Kickback in Australia: How It Impacts Your Finances in 2025

In the world of finance, ‘kickback’ is a term that surfaces every so often — usually in connection with controversy or regulatory crackdowns. But for many Australians, the real impact of kickbacks can be confusing, especially as financial products become more complex and opaque. In 2025, with new policy changes and a heightened focus on transparency, it’s crucial to understand how kickbacks work, where they show up, and what they mean for your wallet.

What Is a Kickback — and Where Do They Happen?

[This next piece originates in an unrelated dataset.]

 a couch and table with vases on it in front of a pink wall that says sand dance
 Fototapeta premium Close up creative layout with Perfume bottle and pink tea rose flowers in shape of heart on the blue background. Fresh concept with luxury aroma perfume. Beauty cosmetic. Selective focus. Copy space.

A kickback is a payment or benefit received by a person or company in exchange for steering business or favouring a particular product or service. While the term is often associated with outright corruption, in finance, kickbacks can take subtler forms, such as hidden commissions or referral fees embedded in the cost of loans, insurance, or investments.

Common examples in Australia include:

  • Mortgage brokers receiving undisclosed commissions from lenders for recommending certain home loans.
  • Financial advisers getting ongoing ‘trailing commissions’ from investment funds or insurance products.
  • Car dealerships earning incentives from lenders for arranging higher-interest vehicle finance.

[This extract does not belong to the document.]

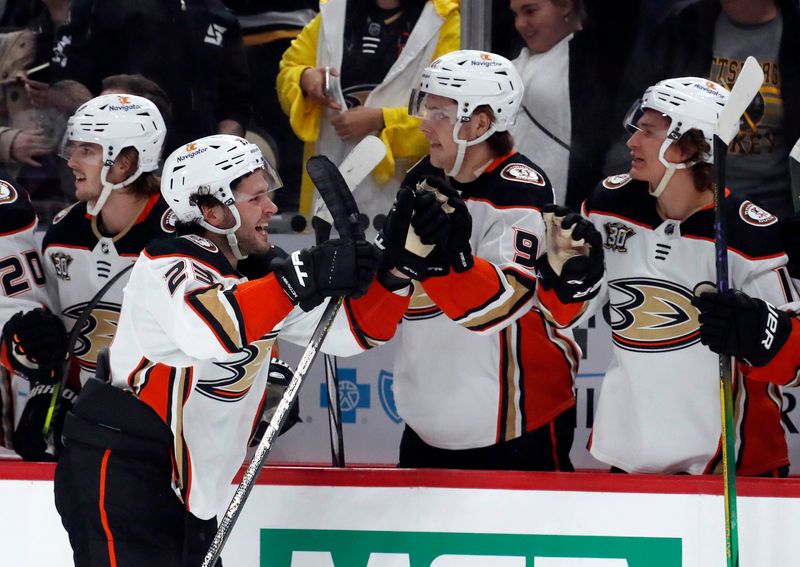 Oct 30, 2023; Pittsburgh, Pennsylvania, USA;  Anaheim Ducks center Mason McTavish (left) reacts with the Anaheim bench after scoring a game winning short-handed goal against the Pittsburgh Penguins during the third period at PPG Paints Arena. Anaheim won 4-3. Mandatory Credit: Charles LeClaire-USA TODAY Sports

While some referral fees are disclosed and legitimate, others can lead to conflicts of interest — with consumers paying more or ending up in unsuitable products.

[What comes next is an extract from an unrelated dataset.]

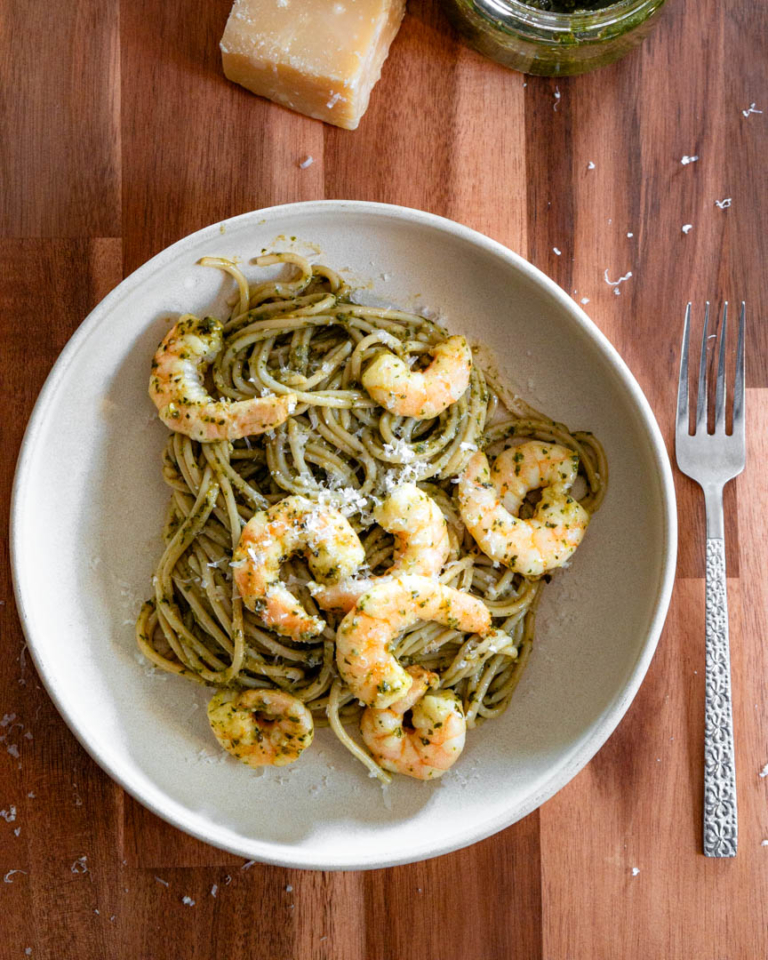 A bowl of spaghetti with pesto and shrimp. There is a fork and a wedge of parmesan cheese next to the bowl.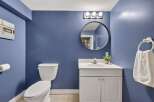 This charming bathroom features a sleek white vanity with a modern sink and a round mirror above.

Policy Shifts: How 2025 Is Changing the Rules

Australia’s financial system has undergone significant reforms in recent years, sparked by the Royal Commission into Misconduct in the Banking, Superannuation and Financial Services Industry. The government and regulators like ASIC have rolled out tighter regulations to stamp out hidden kickbacks and ensure consumers are treated fairly.

Key 2025 developments include:

  • Banning of trailing commissions for mortgage brokers — now fully in effect, with brokers required to disclose all fees and act in the best interests of clients.
  • Stronger ‘conflicted remuneration’ rules in superannuation and investment advice, targeting payments that might bias advice against clients’ interests.
  • ASIC enforcement blitz on undisclosed referral arrangements in the car finance and insurance sectors, with several high-profile fines issued in early 2025.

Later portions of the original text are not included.